Sorry, I don't think favoring interleaved loads over gather is always correct.

Where am i doing that?

Doesn't comments in X86TargetTransformInfo.cpp say this patch is a hack to do that? Or I just understood it the other way around?

It's precisely the other way around.

Awkward :( Sorry for that.

No, i agree, this is really confusing.

Anyway, I want to hold for a while until I'm confident with this patch.

Rebased, NFC.

RKSimon added inline comments.Oct 17 2021, 8:20 AM
llvm/lib/Target/X86/X86TargetTransformInfo.cpp
3858

et?

3860

"TODO: AVX2 is the current cut-off......"

lebedev.ri marked 2 inline comments as done.

Address nits.

No, but actually this time.

@lebedev.ri , I saw you mentioned this patch on D111942. Could you explain what's the relationship between this one and the interleaving cost patches?

llvm/lib/Transforms/Vectorize/LoopVectorize.cpp
7058

It would be more productive if it includes the reason why we can’t change it right away.
Lack of such explanation led to the original version of the patch that repeats D93129.

@lebedev.ri , I saw you mentioned this patch on D111942. Could you explain what's the relationship between this one and the interleaving cost patches?

It's mostly tangential, the longer this patch drags out, the more tests may need to be updated, which isn't fun.

Naive interleaving sequence is: wide load + extracts + inserts,
while scalarized gather sequence is: narrow loads + inserts,

Right now "gather" sequence is modelled as having artificially-high cost
(what this patch changes), effectively prohibiting using it for vectorization.
But afterwards, naturally, the cost of scalarized gather sequence lowers,
becoming more attractive for vectorization, and sometimes even more than
for the naive interleaving sequence, as you can see in interleaved-load-i16-stride-5.ll.

But in general, we can assume that sequence of shuffles may be better than
a sequence of extracts+inserts, so we may be better off with interleaving
rather than gather. But we can't really improve the cost modelling for the
naive interleaving sequence (because we can't really properly cost model shuffles),
so what we have to do is hardcode the costs for the interestting interleaving tuples
in the cost tables, like i have done in those 90+ patches.

llvm/lib/Transforms/Vectorize/LoopVectorize.cpp
7058

I'm open to suggestions as to how this should be amended.

Thanks for the explanation!
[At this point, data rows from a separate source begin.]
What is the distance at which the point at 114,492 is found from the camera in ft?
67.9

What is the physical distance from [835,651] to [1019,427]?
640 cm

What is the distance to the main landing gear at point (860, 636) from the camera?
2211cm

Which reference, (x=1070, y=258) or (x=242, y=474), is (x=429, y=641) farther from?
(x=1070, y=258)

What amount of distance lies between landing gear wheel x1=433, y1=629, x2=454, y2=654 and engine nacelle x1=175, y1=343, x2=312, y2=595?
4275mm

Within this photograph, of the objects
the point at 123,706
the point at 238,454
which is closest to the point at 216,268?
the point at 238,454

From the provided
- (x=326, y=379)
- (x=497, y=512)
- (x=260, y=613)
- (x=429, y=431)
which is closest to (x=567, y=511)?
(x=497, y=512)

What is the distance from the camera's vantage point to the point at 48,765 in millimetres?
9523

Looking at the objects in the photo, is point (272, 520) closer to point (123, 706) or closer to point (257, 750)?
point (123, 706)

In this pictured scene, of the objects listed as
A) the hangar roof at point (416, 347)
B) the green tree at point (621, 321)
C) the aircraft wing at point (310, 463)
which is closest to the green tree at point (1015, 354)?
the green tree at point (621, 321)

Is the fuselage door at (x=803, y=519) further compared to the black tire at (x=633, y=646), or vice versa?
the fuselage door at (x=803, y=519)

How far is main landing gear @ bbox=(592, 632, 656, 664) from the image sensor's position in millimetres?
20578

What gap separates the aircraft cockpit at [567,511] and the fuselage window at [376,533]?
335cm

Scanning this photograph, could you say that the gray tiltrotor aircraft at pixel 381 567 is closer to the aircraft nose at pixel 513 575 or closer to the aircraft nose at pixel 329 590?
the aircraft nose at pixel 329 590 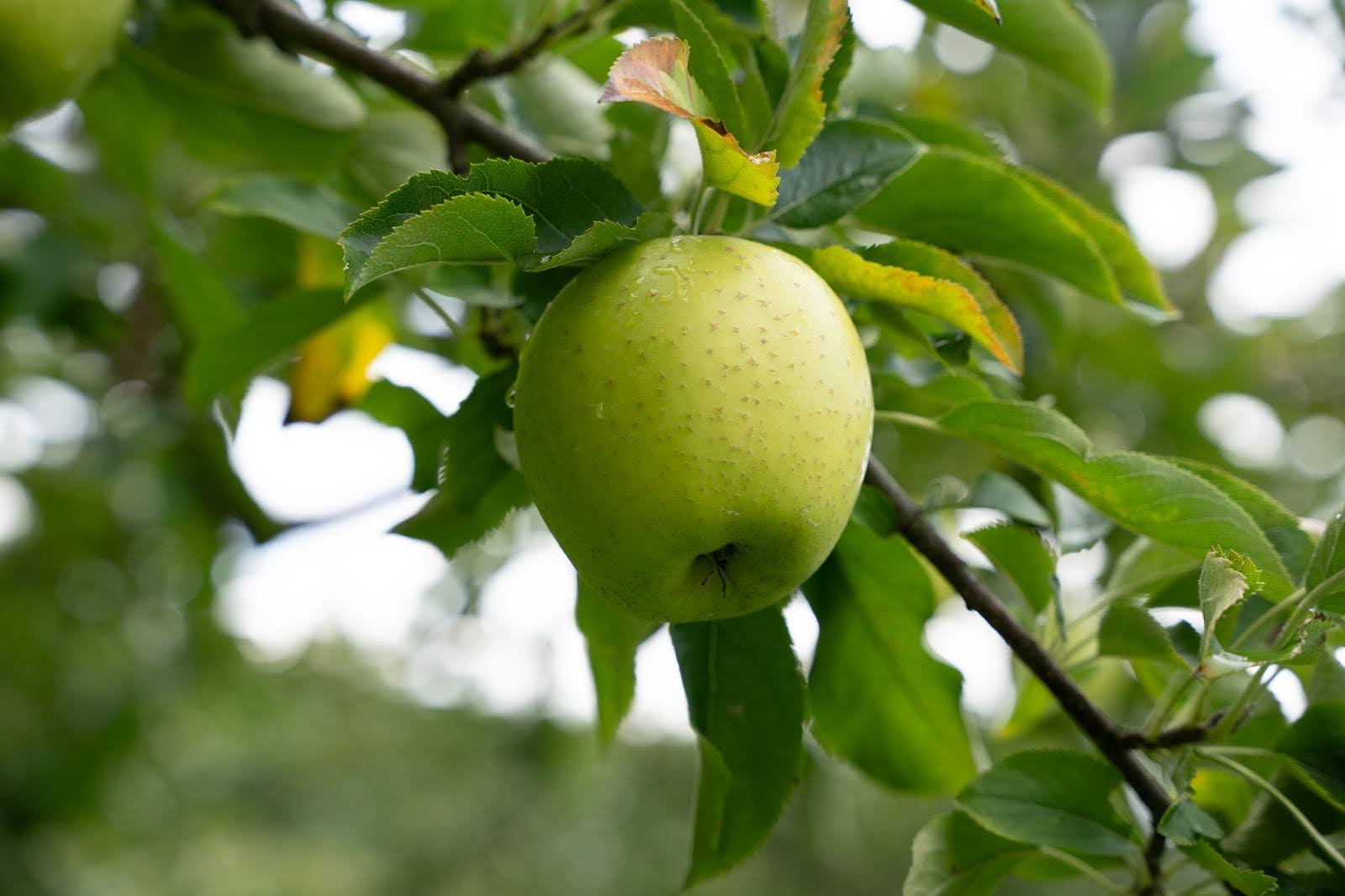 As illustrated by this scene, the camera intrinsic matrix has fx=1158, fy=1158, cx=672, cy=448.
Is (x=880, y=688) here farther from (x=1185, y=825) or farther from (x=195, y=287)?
(x=195, y=287)

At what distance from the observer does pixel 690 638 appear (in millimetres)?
828

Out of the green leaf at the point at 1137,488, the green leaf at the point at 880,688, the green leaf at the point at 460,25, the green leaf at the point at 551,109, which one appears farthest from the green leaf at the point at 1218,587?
the green leaf at the point at 460,25

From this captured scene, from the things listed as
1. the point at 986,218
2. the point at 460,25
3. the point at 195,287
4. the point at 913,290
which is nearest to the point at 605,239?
the point at 913,290

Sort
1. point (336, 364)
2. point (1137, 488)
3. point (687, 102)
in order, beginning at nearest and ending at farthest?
point (687, 102)
point (1137, 488)
point (336, 364)

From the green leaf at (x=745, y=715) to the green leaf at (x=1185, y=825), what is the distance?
0.25m

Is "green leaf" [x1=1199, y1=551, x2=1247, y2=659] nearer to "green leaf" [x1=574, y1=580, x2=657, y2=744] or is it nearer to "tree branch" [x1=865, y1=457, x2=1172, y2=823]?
"tree branch" [x1=865, y1=457, x2=1172, y2=823]

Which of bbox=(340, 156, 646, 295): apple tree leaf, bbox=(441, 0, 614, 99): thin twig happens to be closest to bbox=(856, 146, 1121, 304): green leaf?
bbox=(340, 156, 646, 295): apple tree leaf

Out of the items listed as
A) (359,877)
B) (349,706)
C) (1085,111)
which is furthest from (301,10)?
(349,706)

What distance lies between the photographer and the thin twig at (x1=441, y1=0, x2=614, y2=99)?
98 cm

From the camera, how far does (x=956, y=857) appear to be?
787 mm

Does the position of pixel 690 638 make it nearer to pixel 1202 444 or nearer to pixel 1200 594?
pixel 1200 594

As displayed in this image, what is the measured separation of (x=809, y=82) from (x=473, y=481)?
1.18 feet

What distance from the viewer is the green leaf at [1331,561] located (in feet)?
2.19

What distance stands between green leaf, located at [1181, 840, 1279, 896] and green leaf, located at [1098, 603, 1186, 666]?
136 millimetres
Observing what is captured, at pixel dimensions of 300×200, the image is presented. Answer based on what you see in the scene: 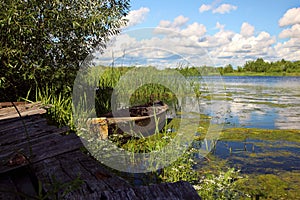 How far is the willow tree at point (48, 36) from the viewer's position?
16.1 feet

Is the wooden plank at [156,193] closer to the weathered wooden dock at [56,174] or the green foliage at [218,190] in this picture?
the weathered wooden dock at [56,174]

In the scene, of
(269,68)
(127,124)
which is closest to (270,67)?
(269,68)

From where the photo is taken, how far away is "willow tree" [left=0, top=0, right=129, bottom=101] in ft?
16.1

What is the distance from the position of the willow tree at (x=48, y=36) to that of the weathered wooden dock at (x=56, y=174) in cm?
239

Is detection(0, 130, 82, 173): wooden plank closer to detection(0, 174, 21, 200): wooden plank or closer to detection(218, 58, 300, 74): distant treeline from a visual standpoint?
detection(0, 174, 21, 200): wooden plank

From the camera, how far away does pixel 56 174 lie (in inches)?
69.1

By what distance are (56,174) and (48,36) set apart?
430 cm

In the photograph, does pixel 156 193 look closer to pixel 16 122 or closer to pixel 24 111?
pixel 16 122

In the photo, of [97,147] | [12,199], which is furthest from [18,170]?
[97,147]

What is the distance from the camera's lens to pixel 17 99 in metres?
5.74

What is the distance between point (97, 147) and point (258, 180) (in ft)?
7.01

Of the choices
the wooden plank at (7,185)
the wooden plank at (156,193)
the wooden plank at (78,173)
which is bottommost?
the wooden plank at (7,185)

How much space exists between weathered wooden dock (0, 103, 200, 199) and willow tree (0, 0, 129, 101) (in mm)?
2388

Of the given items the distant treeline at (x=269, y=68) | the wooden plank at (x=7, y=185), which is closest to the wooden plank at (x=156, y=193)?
the wooden plank at (x=7, y=185) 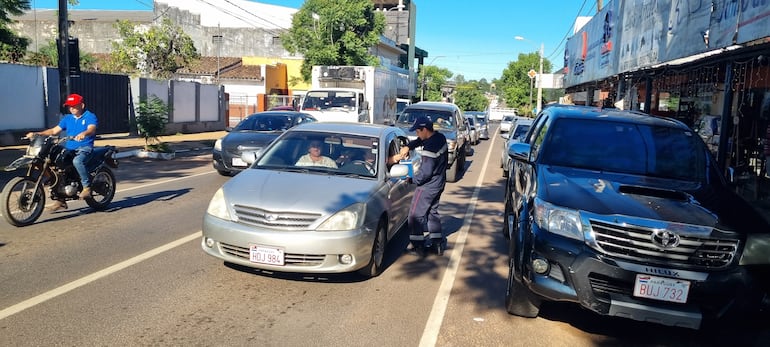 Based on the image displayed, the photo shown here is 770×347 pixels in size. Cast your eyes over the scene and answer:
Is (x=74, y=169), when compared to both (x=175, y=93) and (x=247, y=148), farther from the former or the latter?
(x=175, y=93)

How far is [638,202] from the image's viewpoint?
4.43 metres

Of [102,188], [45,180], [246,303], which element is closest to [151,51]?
[102,188]

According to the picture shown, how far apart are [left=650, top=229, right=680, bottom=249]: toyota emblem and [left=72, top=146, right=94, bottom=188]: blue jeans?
7.12m

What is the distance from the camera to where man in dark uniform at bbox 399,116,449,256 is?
657 centimetres

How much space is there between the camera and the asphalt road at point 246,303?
4.27 meters

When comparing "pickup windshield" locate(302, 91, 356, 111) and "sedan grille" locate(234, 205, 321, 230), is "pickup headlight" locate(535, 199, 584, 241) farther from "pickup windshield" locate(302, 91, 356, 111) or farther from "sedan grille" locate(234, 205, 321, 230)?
"pickup windshield" locate(302, 91, 356, 111)

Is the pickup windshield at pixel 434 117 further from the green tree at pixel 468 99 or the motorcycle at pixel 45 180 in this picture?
the green tree at pixel 468 99

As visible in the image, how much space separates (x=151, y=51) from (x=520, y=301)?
36353 mm

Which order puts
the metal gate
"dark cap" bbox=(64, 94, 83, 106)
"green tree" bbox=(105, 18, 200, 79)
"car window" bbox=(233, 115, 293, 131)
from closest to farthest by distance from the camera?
"dark cap" bbox=(64, 94, 83, 106)
"car window" bbox=(233, 115, 293, 131)
the metal gate
"green tree" bbox=(105, 18, 200, 79)

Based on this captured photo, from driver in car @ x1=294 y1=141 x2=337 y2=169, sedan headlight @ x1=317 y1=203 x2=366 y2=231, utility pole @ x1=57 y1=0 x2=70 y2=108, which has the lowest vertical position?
sedan headlight @ x1=317 y1=203 x2=366 y2=231

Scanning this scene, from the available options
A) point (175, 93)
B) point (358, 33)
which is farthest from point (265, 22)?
point (175, 93)

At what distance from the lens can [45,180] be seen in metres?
7.62

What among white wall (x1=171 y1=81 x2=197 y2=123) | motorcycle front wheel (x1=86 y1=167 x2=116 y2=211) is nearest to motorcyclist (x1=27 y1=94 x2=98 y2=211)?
motorcycle front wheel (x1=86 y1=167 x2=116 y2=211)

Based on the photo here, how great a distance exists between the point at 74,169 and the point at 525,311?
252 inches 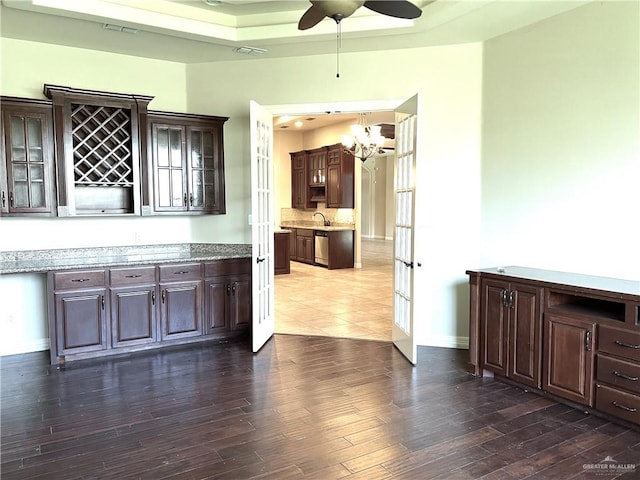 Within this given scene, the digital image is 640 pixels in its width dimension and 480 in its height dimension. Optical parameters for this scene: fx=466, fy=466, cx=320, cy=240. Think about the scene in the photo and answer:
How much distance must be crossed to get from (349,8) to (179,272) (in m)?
3.03

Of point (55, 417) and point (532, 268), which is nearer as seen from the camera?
point (55, 417)

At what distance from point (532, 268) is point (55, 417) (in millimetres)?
3827

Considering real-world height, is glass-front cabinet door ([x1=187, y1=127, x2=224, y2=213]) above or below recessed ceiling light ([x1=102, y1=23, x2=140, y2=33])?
below

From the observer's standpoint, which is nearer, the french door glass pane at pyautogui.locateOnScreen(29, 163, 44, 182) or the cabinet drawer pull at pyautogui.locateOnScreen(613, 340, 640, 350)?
the cabinet drawer pull at pyautogui.locateOnScreen(613, 340, 640, 350)

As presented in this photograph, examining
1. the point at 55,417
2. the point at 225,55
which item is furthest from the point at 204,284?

Apologize for my silly questions, I'm still learning in this realm :)

It's mostly tangential, the longer this patch drags out, the more tests may need to be updated, which isn't fun.

I don't get the point, why a tangential patch results in test updated?

Naive interleaving sequence is: wide load + extracts + inserts,
while scalarized gather sequence is: narrow loads + inserts,

Right now "gather" sequence is modelled as having artificially-high cost
(what this patch changes), effectively prohibiting using it for vectorization.
But afterwards, naturally, the cost of scalarized gather sequence lowers,
becoming more attractive for vectorization, and sometimes even more than
for the naive interleaving sequence, as you can see in interleaved-load-i16-stride-5.ll.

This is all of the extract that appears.